Segment Start: Data extracts

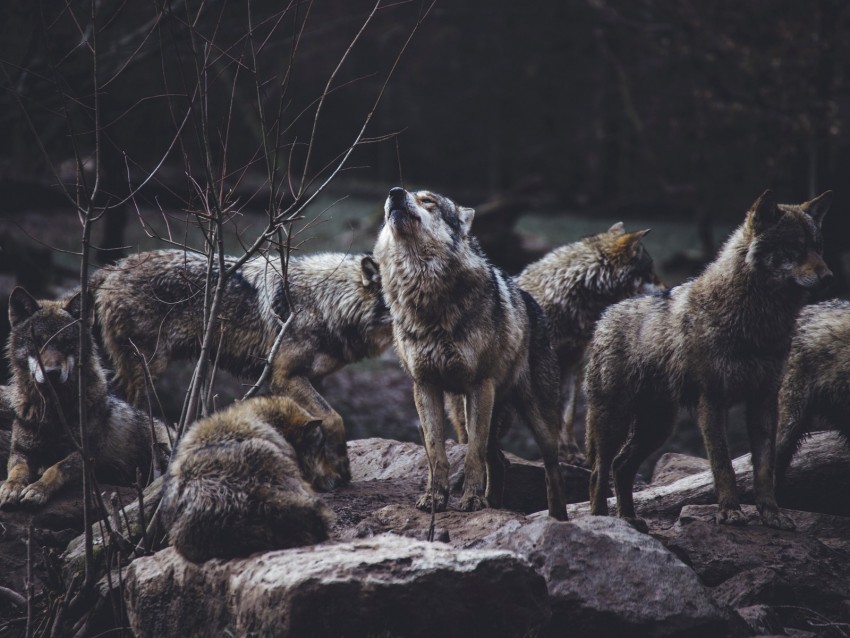 Wolves Predators Flock Wildlife Gray Howl Background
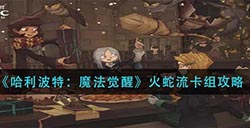 哈利波特魔法觉醒火蛇流卡组怎么玩  火蛇流卡组攻略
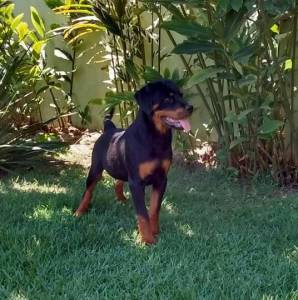 Rottweiler fmea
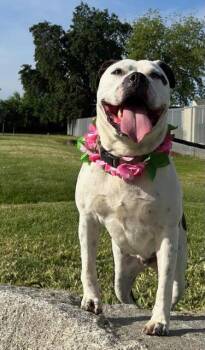 American Bulldog and Pit Bull Terrier Dogs Available for Adoption in Colusa, California - Petal | PetCurious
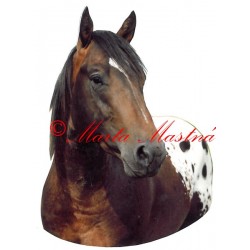 Samolepka appaloosa Rocky, kůň, koně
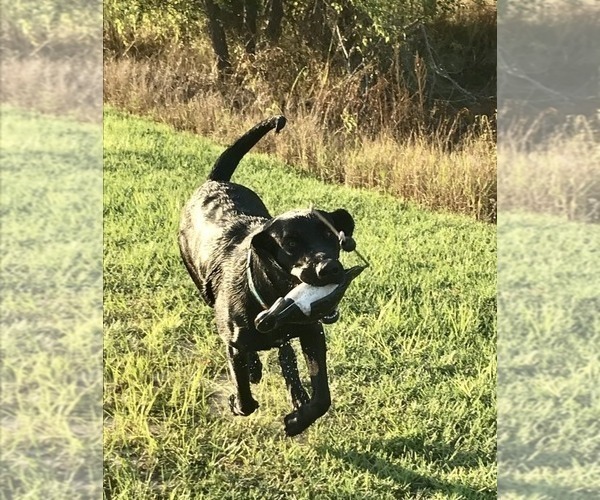 Medium Photo #1 Labrador Retriever Puppy For Sale in KINSTON, AL, USA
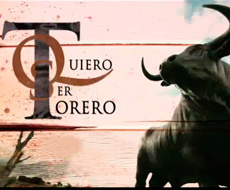 Logo ser torero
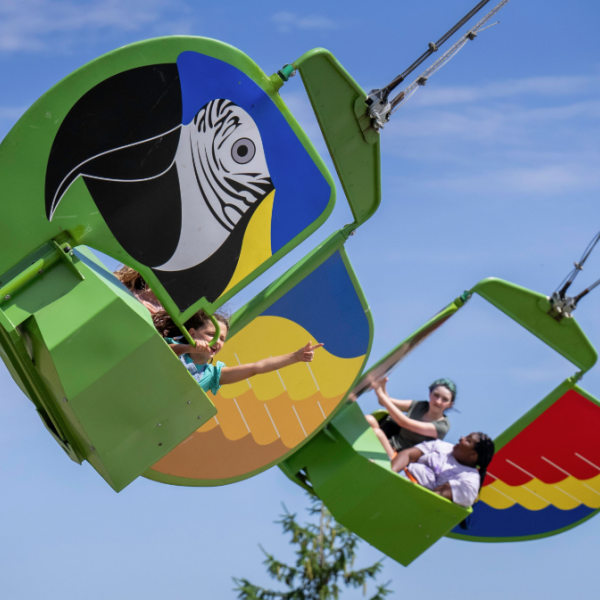 aerial amusement ride shaped like macaws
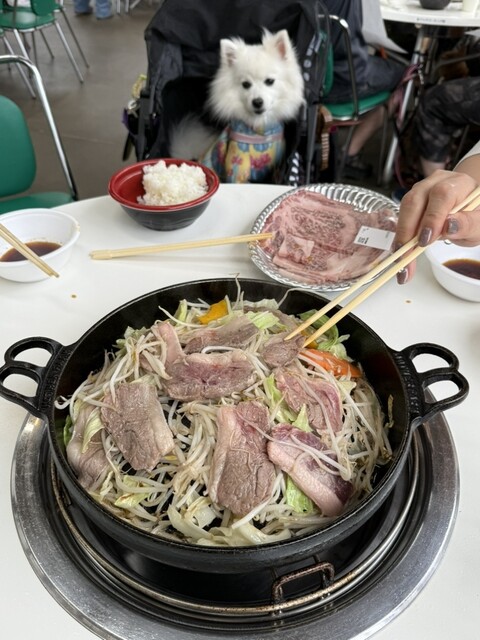 ジンギスカンガーデンズ - 富津市その他/ジンギスカン | 食べログ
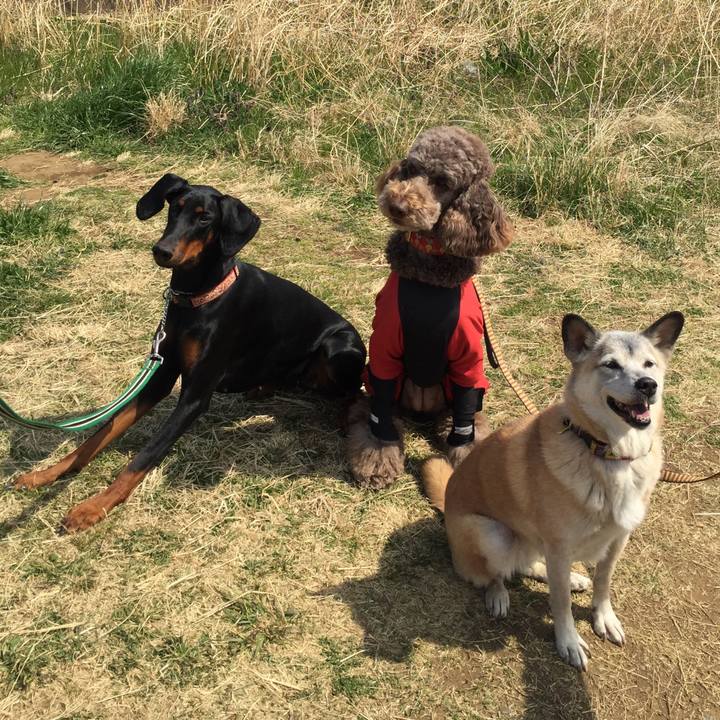 5f2a4803 f90e 44ca ac1c a195930d0c15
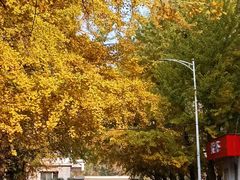 -辽宁大学(崇山校区)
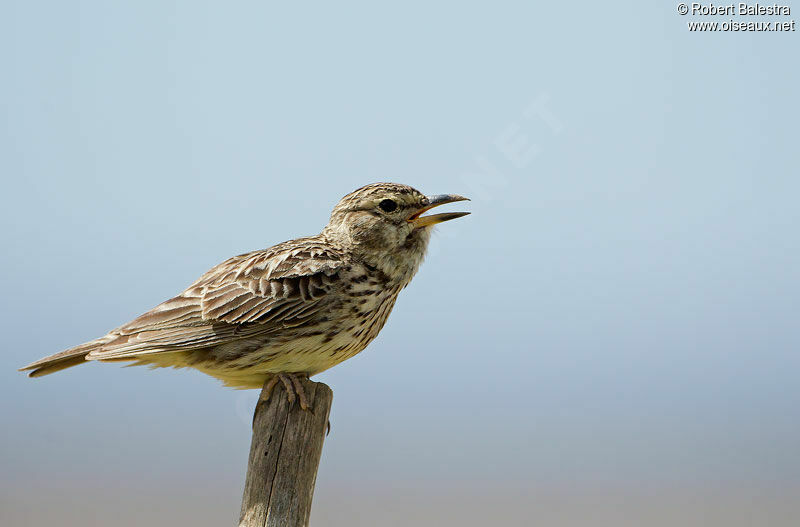 Large-billed Lark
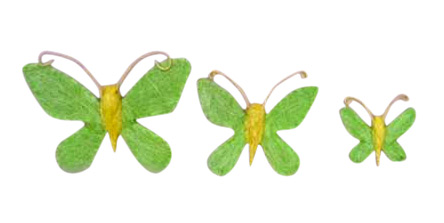  Sisal Butterfly ( Sisal Butterfly)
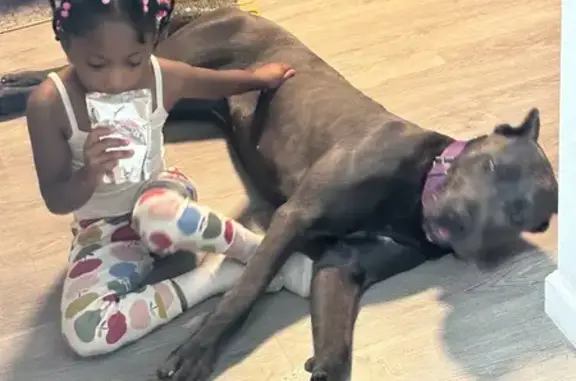 Lost Gray Cane Corso: Purple Collar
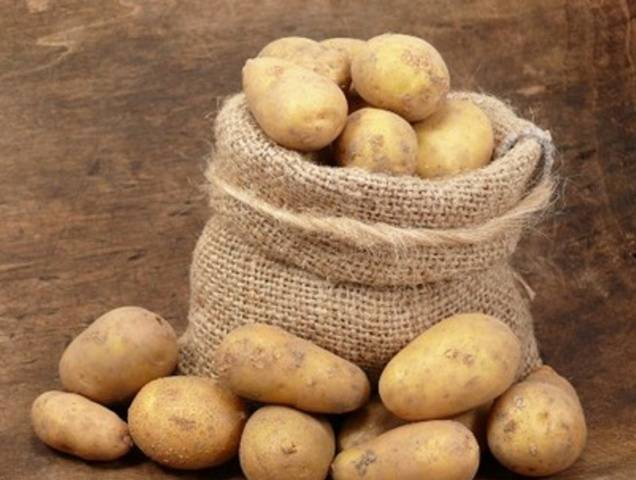 Obrada krumpira prije sadnje
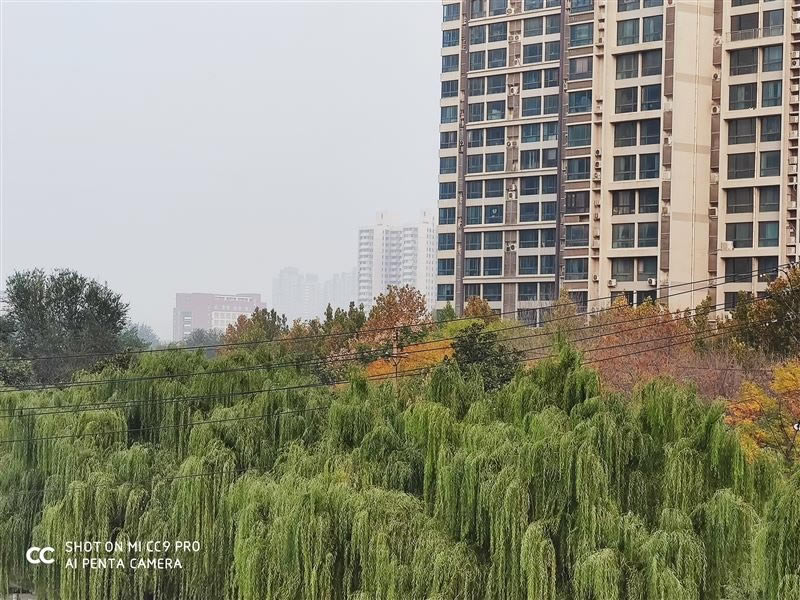 С��CC9 Pro�ʺ������� С��CC9 Pro�ֻ����/����/����/ϵͳ/����/������ʹ����������_�ֻ�����_�ֻ�ѧԺ_��վ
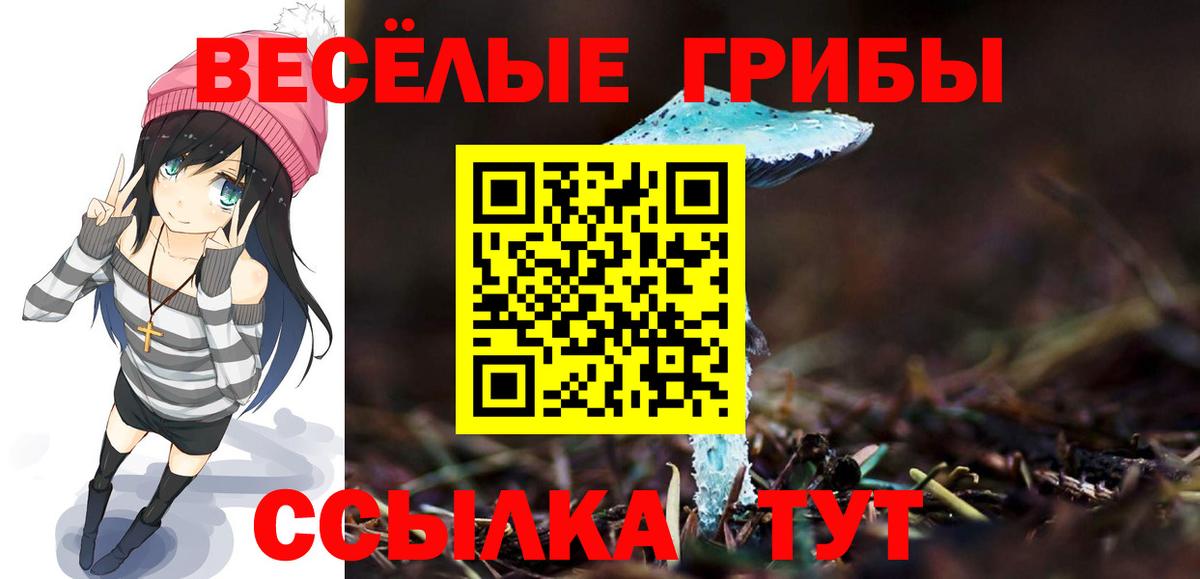 Горячий Ключ  Псилоцибиновые грибы Psilocybine cubensis  Вход с VPN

Segment End: Data extracts

● About this exercise: Please print all the entries exactly as written, but drop the pictures.

● Solution for this task:
 Wolves Predators Flock Wildlife Gray Howl Background
 哈利波特魔法觉醒火蛇流卡组怎么玩  火蛇流卡组攻略
 Rottweiler fmea
 American Bulldog and Pit Bull Terrier Dogs Available for Adoption in Colusa, California - Petal | PetCurious
 Samolepka appaloosa Rocky, kůň, koně
 Medium Photo #1 Labrador Retriever Puppy For Sale in KINSTON, AL, USA
 Logo ser torero
 aerial amusement ride shaped like macaws
 ジンギスカンガーデンズ - 富津市その他/ジンギスカン | 食べログ
 5f2a4803 f90e 44ca ac1c a195930d0c15
 -辽宁大学(崇山校区)
 Large-billed Lark
  Sisal Butterfly ( Sisal Butterfly)
 Lost Gray Cane Corso: Purple Collar
 Obrada krumpira prije sadnje
 С��CC9 Pro�ʺ������� С��CC9 Pro�ֻ����/����/����/ϵͳ/����/������ʹ����������_�ֻ�����_�ֻ�ѧԺ_��վ
 Горячий Ключ  Псилоцибиновые грибы Psilocybine cubensis  Вход с VPN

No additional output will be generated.